- _EXERCISE INSTRUCTIONS_: The lines from the beginning of the records below through the one holding "Сдаётся 1-комнатная квартира, 38 м²" are to be copied exactly; leave the pictures out.

..............................

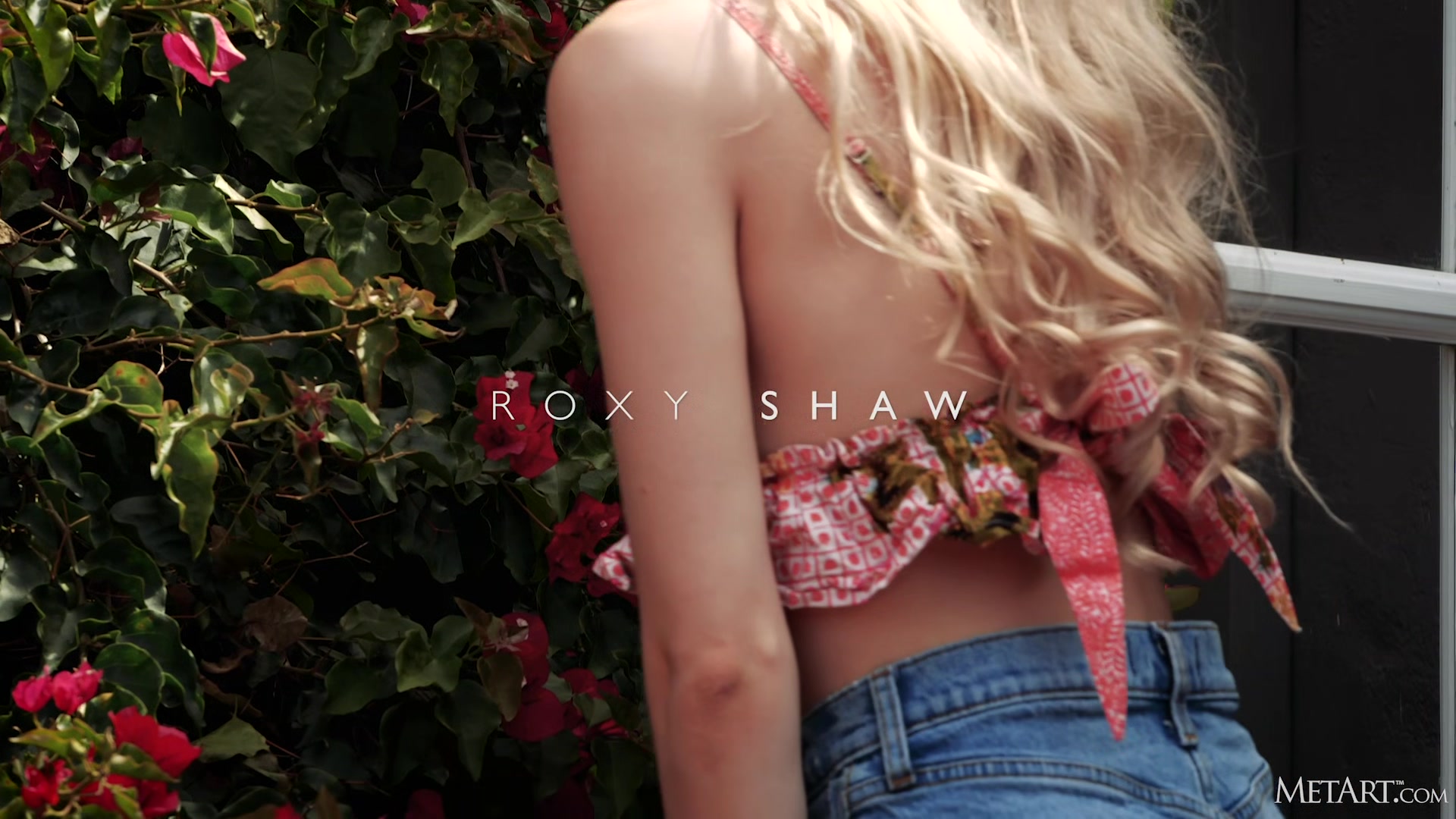 Yard Secrets - Roxy Shaw - Met-Art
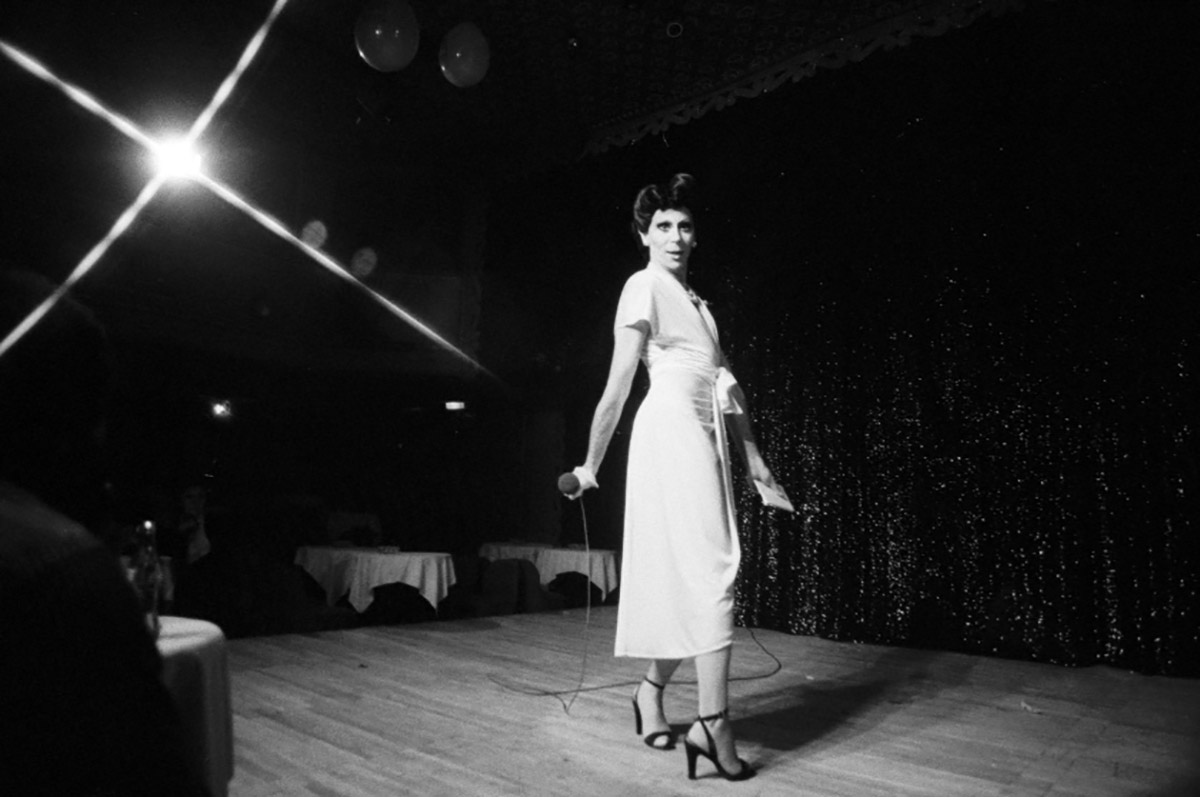 Fotografia d'escena d'Ángel Pavlovsky a l'Ángel Pavlovsky Show (fotografia: Colita - MAE - Centre de Documentació i Museu de les Arts Escèniques / Institut del Teatre / CC BY-SA 4.0).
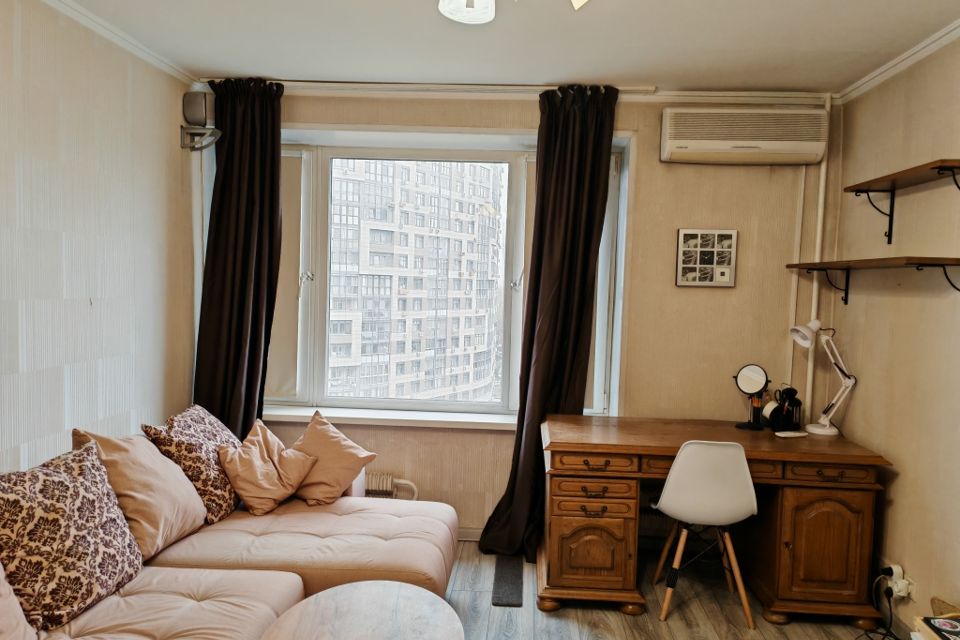 Сдаётся 1-комнатная квартира, 38 м²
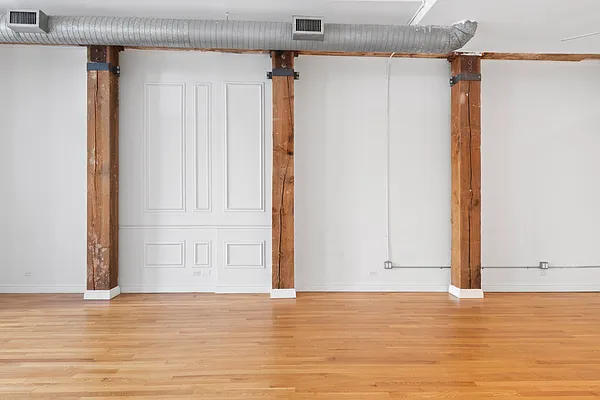 Sold by Douglas Elliman | media 18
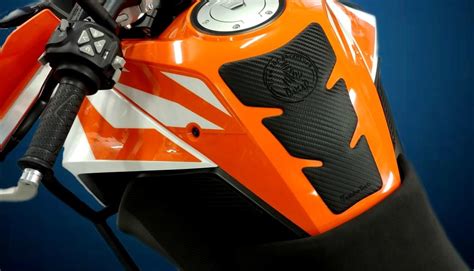 Tank Pad Universal UT5 (Dakar Visa) – Motousher | Motorcycle Parts Importer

..............................

- _SOLUTION TO THE EXERCISE_:
 Yard Secrets - Roxy Shaw - Met-Art
 Fotografia d'escena d'Ángel Pavlovsky a l'Ángel Pavlovsky Show (fotografia: Colita - MAE - Centre de Documentació i Museu de les Arts Escèniques / Institut del Teatre / CC BY-SA 4.0).
 Сдаётся 1-комнатная квартира, 38 м²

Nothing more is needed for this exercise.